US equities experienced their most volatile period of the year during September and October. From peak to trough all major US indexes entered correctional territory. The DJIA fell 7.5%, the S&P 500 fell 9.9%, the Russell 2000 fell about 12%, and the NASDAQ fell 10%. All indexes recovered their losses and generated positive returns for the quarter. The Russell 2000 led the way, posting a 9.35% return. The S&P 500 was the worst performing index of the quarter, posting a 4.39% return. The resilience of the markets devoid of Fed stimulus supports the argument that US economic growth is organic and strengthening.
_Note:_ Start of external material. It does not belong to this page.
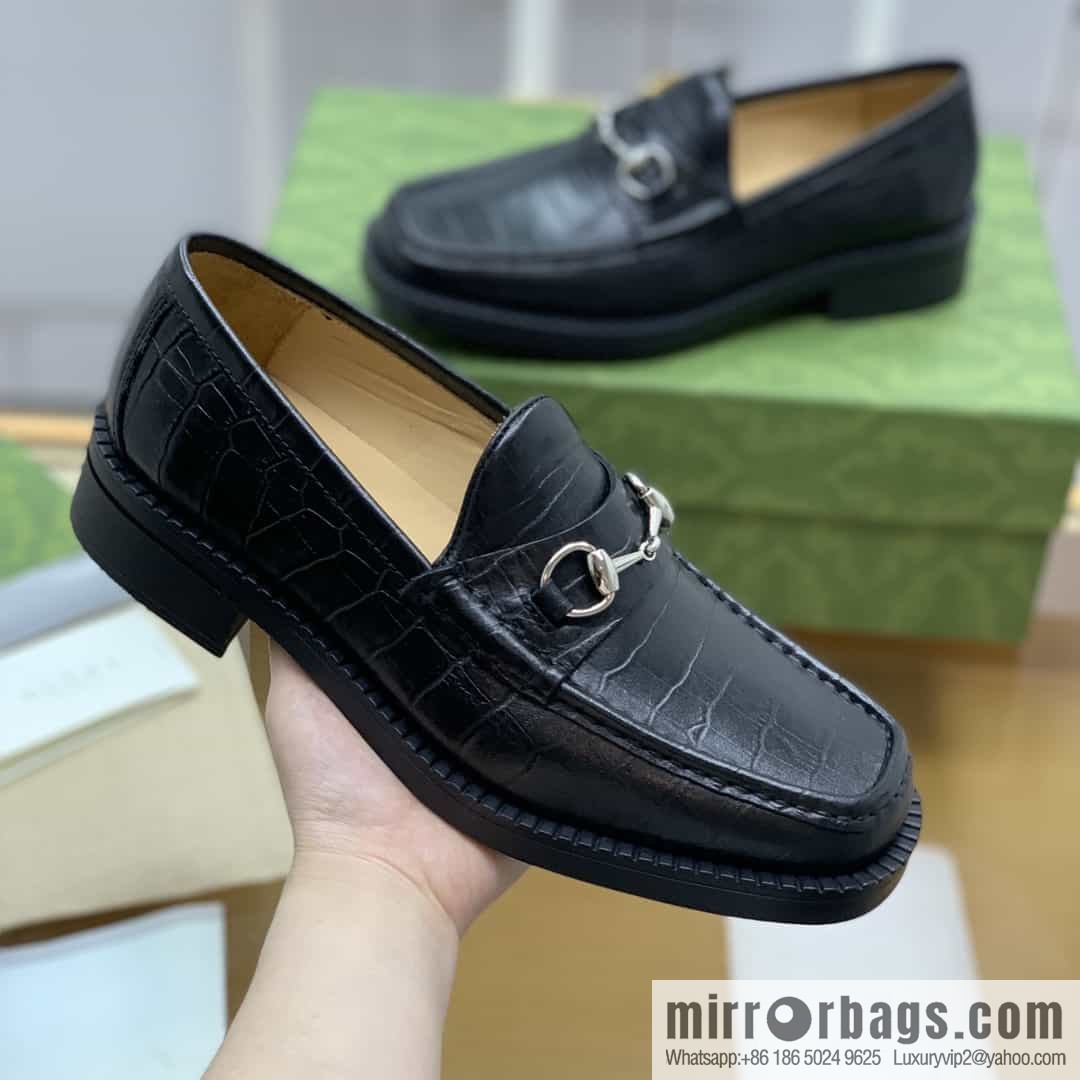 Gucci Gucci uses black smooth cow leather (fabric) carefully made men's loafers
Amidst fears that global economic growth was slowing, foreign equities as an aggregate fell during Q4. In US dollar terms, the MSCI ACWI ex US Index returned -4.19% for the quarter. Russia was hit the hardest after the crash in energy prices sparked massive depreciation of its currency and prompted debt default speculation. Europe appeared to be slowing down once again, and the European Central Bank chose not to begin all out quantitative easing. The MSCI EMU returned -4.53% for the quarter. Japan has struggled to gain traction even after postponing its second tax hike and was down -2.54%. In the emerging economies, China showed strong returns of 7.09%, building on the increased demand for and access to its equities following its partnership with the Hong Kong exchange. Overall, emerging markets were hurt by a strengthening US dollar and lower commodity prices. The MSCI EM Index returned -4.88% for the quarter.
Fixed Income continued to surprise as one of the better performing asset classes during 2014. Returns were muted during Q4, with the Barclays US AGG Bond Index returning 1.79% for the quarter. Yields on US Treasuries continued to decrease, although remaining high relative to other developed markets. Foreign investment in US bonds picked up, and it appears that global investors were seeking safe haven investments as global growth outlooks remain murky.
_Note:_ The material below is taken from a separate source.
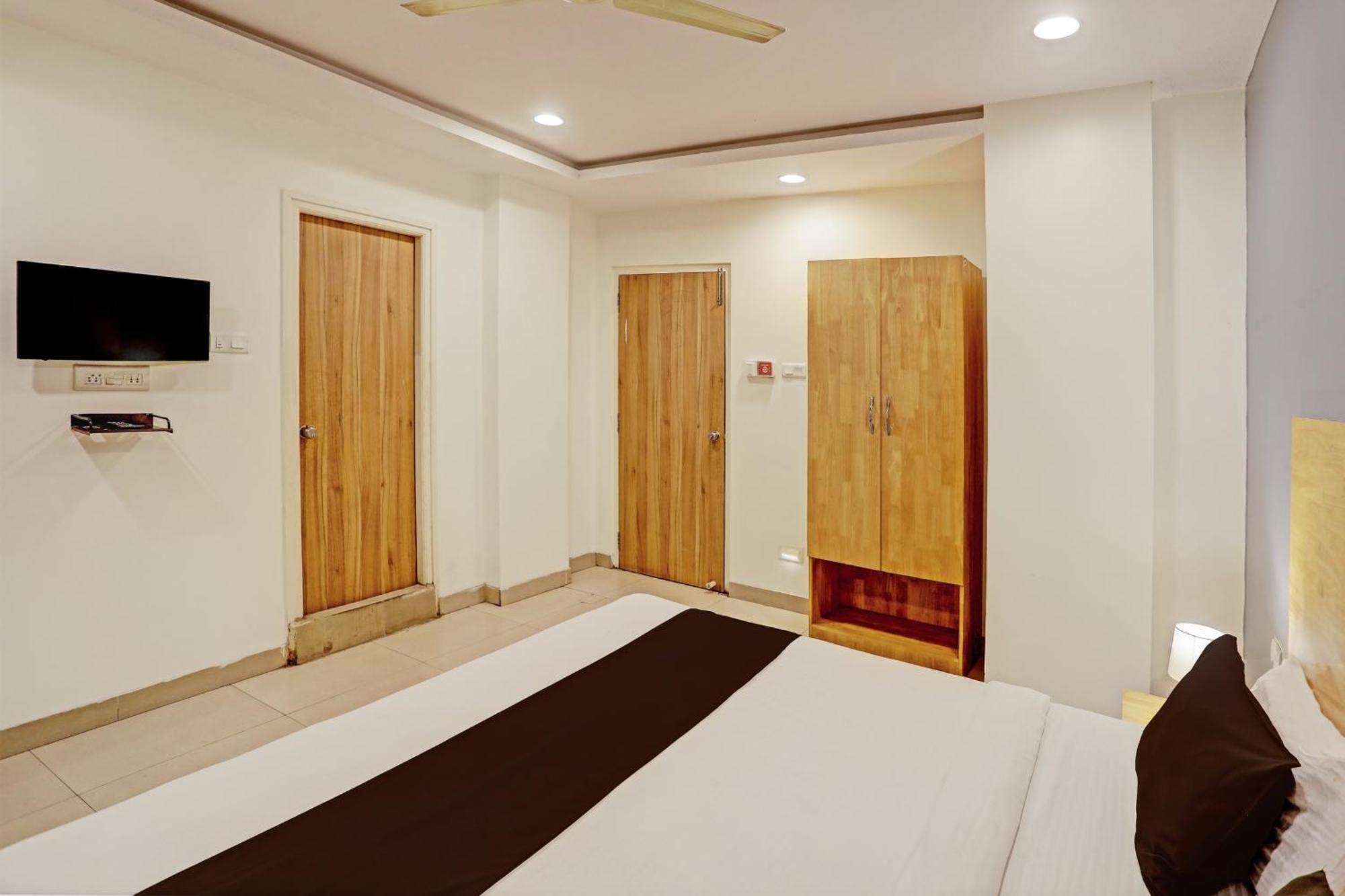 O Ramoji Beside Omni Hospital Kothapet Hotel Sururnagar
The Bloomberg Commodity Index fell -12.1% during Q4. Commodities continued to struggle amidst fears of slowing global growth, over supply, lack of demand, and stubbornly low inflation. Additionally, the ascent of the US dollar added further downward pressure to commodity prices. Brent Crude Oil fell nearly 40% during the fourth quarter. Gold finished the quarter slightly negative. Real estate generated strong returns during the quarter, outpacing all major indexes. The Dow Jones US Real Estate Index returned 11.17%, and the FTSE NAREIT All REITs Index returned 11.25%. Hedge funds finished the quarter virtually flat, returning 0.03%. Managed futures was the top performing strategy for the quarter, generating a 4.67% return. Directional credit was the worst performing strategy, returning -2.50% for the quarter.